What do we make of the world-view of the Bible, so completely different from what we now know from modern science? Doesn’t that very science, which speaks of unfathomable distances and eons of time, make us feel utterly insignificant and God impossibly remote? And does not the study of anthropology and psychology describe a human race whose nature and origins are completely different from what the Bible offers? How do we get from neuroscience to humans-as-made-in-God’s-image? In short, how are we supposed to bring the ancient Bible and our modern lives together?

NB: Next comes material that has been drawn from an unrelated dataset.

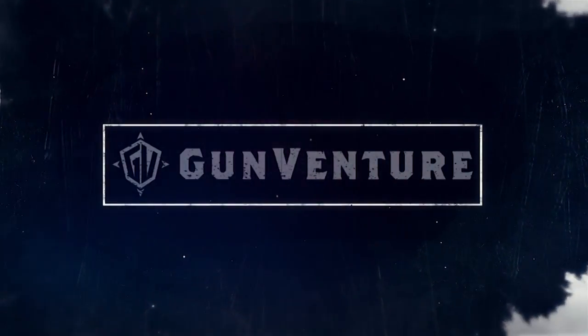Coming up, we're at the baddest racetrack in the world — Talladega Superspeedway.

Then there is the random cruelty of life itself. What kind of God would allow such horrible things to happen to decent people? Doesn’t the experience of life itself make belief in an all-knowing, all-powerful, all-loving God utterly implausible? What happened to the Bible’s promises of divine protection (e.g. Psa 121)? I simply cannot explain why God sometimes behaves the way he does. I just have to accept the ‘mystery’, and continue along the path of faith anyway, knowing at least that God himself has entered into human suffering.
What about when we bump into people of other faiths, or none? Who are we to say that we have a monopoly on the truth? Why on earth would we take an us-and-them approach? Does God do that? Correct thinking needs ‘others’ as a contrast. But faith-as-trust doesn’t exclude, it includes. And, who knows, we might even learn from those we might have thought of as ‘others’, as in the case of a Jewish classmate who read the story of Adam and Eve (Gen 3) completely differently. What we think starts to feel fragile; but our trust can grow.

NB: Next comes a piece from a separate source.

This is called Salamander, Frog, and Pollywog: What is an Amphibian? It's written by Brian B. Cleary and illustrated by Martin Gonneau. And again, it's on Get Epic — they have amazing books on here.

A preoccupation with correct thinking is not only damaging to oneself, it can also have a disastrous effect on others. When we feel that others must think the way we do, we get get nervous and suspicious, we start to badger and bully them. And we might even drive them completely away completely. Not only do people get hurt, but Christianity itself is brought into disrepute. What we call ‘defending the gospel’ is actually a betrayal of the gospel of Jesus Christ when it becomes indistinguishable from back-room politicking and character assassination. Of course, all organisations – including Christian ones – need boundaries. But that’s no reason for defending them tyrannically.
Let’s abandon our need to be right about God, and start loving as God loves (Mt 5:43-48).

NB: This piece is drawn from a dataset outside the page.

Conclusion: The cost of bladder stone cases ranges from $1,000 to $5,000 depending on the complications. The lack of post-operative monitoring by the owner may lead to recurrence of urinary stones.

Here’s what happens when we abandon the need to be correct in our thinking, and start re-orienting our faith around trusting God:-
- we see that modernity has helpfully shaken up our thinking about God;
- we realise that can’t get our minds around God. Reason is important, but not central. Christian faith is ‘transrational’ and ‘mystical’;
- we understand that the two pillars of Christianity – incarnation and resurrection – express the essential mystery of it. They confront us with the counterintuitive and ultimately incomprehensible nature of faith;
- we adjust our expectations about what the Bible can deliver. ‘The Bible must be thought through, pondered, tried out, assessed, and (if need be) argued with – all of which is an expression of faith, not evidence to the contrary’;
- we find that we can learn more from ‘God-moments’ than from academic enquiry;
- we discover that times of doubt and desperation can by the very times when true communion with God begins;
- we conclude that struggling with faith is normal.